でも、私たちは、このお話を、私たちの信仰のお話として聞くのであります。私たちの「信仰」にとって大切なお話、必要なお話として聞く。使徒信条の中に「主は聖霊によりてやどり、処女(おとめ)マリヤより生れ、云々」とあるのは、このことが私たちの信仰にとって大切だから、だから、こんなふうに取り上げられている、そんなふうに受け止めるのであります。
イエス様の誕生物語。今日は「主は聖霊によってやどり、処女(おとめ)マリヤより生れた」というお話ですが、いろいろな受けとめ方がなされ、いろいろな解釈があります。でも、今日は、一つ、大切な視点・見方をご紹介したいと思います。それは、こんな視点・見方であります。

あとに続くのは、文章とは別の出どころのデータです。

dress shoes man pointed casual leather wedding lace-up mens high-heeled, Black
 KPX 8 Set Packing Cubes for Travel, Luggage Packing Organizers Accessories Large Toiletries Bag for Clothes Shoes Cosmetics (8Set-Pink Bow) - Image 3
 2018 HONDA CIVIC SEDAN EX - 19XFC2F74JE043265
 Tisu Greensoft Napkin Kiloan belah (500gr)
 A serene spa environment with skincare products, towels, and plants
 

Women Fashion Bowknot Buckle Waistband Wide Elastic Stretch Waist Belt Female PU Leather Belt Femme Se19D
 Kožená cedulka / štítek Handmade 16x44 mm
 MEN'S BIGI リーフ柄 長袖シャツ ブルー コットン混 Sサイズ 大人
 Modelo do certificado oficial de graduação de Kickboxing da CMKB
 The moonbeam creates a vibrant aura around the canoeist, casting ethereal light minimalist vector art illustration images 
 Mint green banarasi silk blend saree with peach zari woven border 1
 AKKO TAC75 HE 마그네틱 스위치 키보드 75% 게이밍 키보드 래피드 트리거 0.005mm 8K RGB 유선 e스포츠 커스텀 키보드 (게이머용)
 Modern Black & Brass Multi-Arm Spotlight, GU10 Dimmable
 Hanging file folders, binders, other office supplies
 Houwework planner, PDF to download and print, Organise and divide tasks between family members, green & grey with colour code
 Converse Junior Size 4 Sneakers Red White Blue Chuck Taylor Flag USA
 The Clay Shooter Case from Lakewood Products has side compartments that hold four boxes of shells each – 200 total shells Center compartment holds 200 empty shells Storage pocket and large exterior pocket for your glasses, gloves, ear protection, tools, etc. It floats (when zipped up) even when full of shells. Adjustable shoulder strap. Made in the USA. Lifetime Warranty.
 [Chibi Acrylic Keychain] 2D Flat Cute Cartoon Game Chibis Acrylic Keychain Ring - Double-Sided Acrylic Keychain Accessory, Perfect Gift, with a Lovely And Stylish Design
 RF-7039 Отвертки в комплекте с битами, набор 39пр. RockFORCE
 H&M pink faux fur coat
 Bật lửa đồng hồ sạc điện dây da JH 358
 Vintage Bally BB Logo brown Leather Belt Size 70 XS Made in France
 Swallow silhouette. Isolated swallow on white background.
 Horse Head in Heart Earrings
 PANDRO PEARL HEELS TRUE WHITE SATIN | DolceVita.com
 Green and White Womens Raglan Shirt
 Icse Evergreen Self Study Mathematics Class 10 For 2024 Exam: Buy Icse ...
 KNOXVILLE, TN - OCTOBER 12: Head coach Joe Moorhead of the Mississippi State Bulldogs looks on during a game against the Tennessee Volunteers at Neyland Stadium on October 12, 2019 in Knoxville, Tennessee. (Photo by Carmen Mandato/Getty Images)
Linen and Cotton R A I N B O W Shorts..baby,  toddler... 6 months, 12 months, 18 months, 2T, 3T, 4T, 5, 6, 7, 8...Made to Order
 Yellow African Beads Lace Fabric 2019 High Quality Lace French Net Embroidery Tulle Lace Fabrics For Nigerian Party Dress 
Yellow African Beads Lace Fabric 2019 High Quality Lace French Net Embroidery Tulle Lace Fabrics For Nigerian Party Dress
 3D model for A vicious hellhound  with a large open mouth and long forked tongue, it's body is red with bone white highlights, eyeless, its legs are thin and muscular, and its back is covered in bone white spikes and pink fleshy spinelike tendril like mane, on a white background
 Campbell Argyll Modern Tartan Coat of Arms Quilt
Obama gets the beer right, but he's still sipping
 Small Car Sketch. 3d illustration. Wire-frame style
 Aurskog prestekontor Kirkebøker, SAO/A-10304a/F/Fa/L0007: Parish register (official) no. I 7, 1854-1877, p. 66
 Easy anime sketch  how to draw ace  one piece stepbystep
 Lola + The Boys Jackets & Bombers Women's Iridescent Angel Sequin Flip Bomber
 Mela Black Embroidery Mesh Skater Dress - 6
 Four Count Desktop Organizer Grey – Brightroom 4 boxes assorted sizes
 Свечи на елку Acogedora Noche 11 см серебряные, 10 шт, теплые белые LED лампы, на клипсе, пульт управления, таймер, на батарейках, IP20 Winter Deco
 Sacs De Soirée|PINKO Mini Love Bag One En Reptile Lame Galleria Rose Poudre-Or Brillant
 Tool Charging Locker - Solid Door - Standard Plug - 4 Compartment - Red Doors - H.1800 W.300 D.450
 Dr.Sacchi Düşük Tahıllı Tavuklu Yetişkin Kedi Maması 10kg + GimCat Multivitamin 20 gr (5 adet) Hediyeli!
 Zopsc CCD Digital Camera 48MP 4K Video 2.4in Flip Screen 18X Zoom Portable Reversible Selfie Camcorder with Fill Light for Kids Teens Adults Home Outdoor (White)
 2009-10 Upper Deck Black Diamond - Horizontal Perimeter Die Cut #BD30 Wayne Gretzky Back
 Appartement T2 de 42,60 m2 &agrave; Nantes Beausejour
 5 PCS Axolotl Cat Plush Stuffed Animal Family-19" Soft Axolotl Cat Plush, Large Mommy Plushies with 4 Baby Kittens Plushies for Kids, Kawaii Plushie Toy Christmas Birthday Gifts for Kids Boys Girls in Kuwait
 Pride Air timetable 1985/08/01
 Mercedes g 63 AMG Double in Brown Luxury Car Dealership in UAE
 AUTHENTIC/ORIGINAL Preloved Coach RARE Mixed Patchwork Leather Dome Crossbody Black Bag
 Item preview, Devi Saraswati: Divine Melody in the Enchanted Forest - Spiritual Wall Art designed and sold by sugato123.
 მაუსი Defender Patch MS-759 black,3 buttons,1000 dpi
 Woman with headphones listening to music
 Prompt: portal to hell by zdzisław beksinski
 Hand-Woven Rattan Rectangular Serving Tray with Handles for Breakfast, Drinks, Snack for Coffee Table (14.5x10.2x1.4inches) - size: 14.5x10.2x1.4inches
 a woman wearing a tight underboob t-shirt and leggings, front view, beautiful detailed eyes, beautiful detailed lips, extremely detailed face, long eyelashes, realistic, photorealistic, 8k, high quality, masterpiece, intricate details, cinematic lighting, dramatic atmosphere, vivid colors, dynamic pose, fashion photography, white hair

昔、ユダヤ人の教師たちは、宗教的な目的で書かれた物語を解釈するにあたって、「それが実際に起こった事なのか」という事よりも、先ず「それは、何を私たちに教えているのか」という事を考えたそうであります。すなわち彼らは、それが文字通り本当のことなのかどうか、本当にそういうことがあったのかどうかということよりも、そのお話の背後にある永遠の真理を見い出すことに、より深い関心を持っていたというのであります。
これは、私たちが聖書を読むときの視点、読み方と言ってもいいのではないでしょうか。私たちは、聖書を読むとき、本当にこういうことがあったのかどうかというような、そういうことを問題にするのではなくて、このお話は、聖書のお話は、私たちに何を教えているお話なのか、どういうことを教えているお話なのかという、そういう視点から聖書を読むことが大切なんだろうと思うのであります。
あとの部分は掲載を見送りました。